*** Opening Excerpted data ***

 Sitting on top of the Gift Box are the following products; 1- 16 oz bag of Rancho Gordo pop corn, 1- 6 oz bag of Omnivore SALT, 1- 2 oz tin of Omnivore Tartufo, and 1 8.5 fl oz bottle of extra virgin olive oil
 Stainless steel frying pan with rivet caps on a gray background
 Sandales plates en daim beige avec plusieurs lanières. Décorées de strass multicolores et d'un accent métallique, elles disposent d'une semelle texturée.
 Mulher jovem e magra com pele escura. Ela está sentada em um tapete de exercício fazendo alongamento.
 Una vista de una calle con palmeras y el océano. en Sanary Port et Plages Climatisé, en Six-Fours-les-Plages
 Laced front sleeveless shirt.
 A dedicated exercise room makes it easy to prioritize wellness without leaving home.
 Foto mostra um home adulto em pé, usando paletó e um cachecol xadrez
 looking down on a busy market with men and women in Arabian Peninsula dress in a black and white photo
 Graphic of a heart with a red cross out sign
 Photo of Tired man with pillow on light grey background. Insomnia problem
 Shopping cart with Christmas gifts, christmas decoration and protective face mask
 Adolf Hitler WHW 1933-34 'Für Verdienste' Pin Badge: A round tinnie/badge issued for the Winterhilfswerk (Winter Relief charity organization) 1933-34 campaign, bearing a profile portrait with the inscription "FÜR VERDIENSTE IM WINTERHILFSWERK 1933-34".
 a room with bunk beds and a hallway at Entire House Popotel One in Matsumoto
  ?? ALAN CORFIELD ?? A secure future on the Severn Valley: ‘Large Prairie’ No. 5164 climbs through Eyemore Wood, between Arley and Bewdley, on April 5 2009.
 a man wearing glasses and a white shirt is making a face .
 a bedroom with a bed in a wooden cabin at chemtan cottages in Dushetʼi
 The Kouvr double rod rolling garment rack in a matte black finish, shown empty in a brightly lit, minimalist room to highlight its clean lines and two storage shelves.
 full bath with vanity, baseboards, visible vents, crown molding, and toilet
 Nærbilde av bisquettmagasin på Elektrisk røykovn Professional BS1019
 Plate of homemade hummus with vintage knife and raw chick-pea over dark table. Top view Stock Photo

*** Closing Excerpted data ***

**How to complete this task:**
Only one stretch is wanted, so please give again exactly the lines from the start of the data through the line containing "full bath with", both ends included.

**Result of the task:**
 Sitting on top of the Gift Box are the following products; 1- 16 oz bag of Rancho Gordo pop corn, 1- 6 oz bag of Omnivore SALT, 1- 2 oz tin of Omnivore Tartufo, and 1 8.5 fl oz bottle of extra virgin olive oil
 Stainless steel frying pan with rivet caps on a gray background
 Sandales plates en daim beige avec plusieurs lanières. Décorées de strass multicolores et d'un accent métallique, elles disposent d'une semelle texturée.
 Mulher jovem e magra com pele escura. Ela está sentada em um tapete de exercício fazendo alongamento.
 Una vista de una calle con palmeras y el océano. en Sanary Port et Plages Climatisé, en Six-Fours-les-Plages
 Laced front sleeveless shirt.
 A dedicated exercise room makes it easy to prioritize wellness without leaving home.
 Foto mostra um home adulto em pé, usando paletó e um cachecol xadrez
 looking down on a busy market with men and women in Arabian Peninsula dress in a black and white photo
 Graphic of a heart with a red cross out sign
 Photo of Tired man with pillow on light grey background. Insomnia problem
 Shopping cart with Christmas gifts, christmas decoration and protective face mask
 Adolf Hitler WHW 1933-34 'Für Verdienste' Pin Badge: A round tinnie/badge issued for the Winterhilfswerk (Winter Relief charity organization) 1933-34 campaign, bearing a profile portrait with the inscription "FÜR VERDIENSTE IM WINTERHILFSWERK 1933-34".
 a room with bunk beds and a hallway at Entire House Popotel One in Matsumoto
  ?? ALAN CORFIELD ?? A secure future on the Severn Valley: ‘Large Prairie’ No. 5164 climbs through Eyemore Wood, between Arley and Bewdley, on April 5 2009.
 a man wearing glasses and a white shirt is making a face .
 a bedroom with a bed in a wooden cabin at chemtan cottages in Dushetʼi
 The Kouvr double rod rolling garment rack in a matte black finish, shown empty in a brightly lit, minimalist room to highlight its clean lines and two storage shelves.
 full bath with vanity, baseboards, visible vents, crown molding, and toilet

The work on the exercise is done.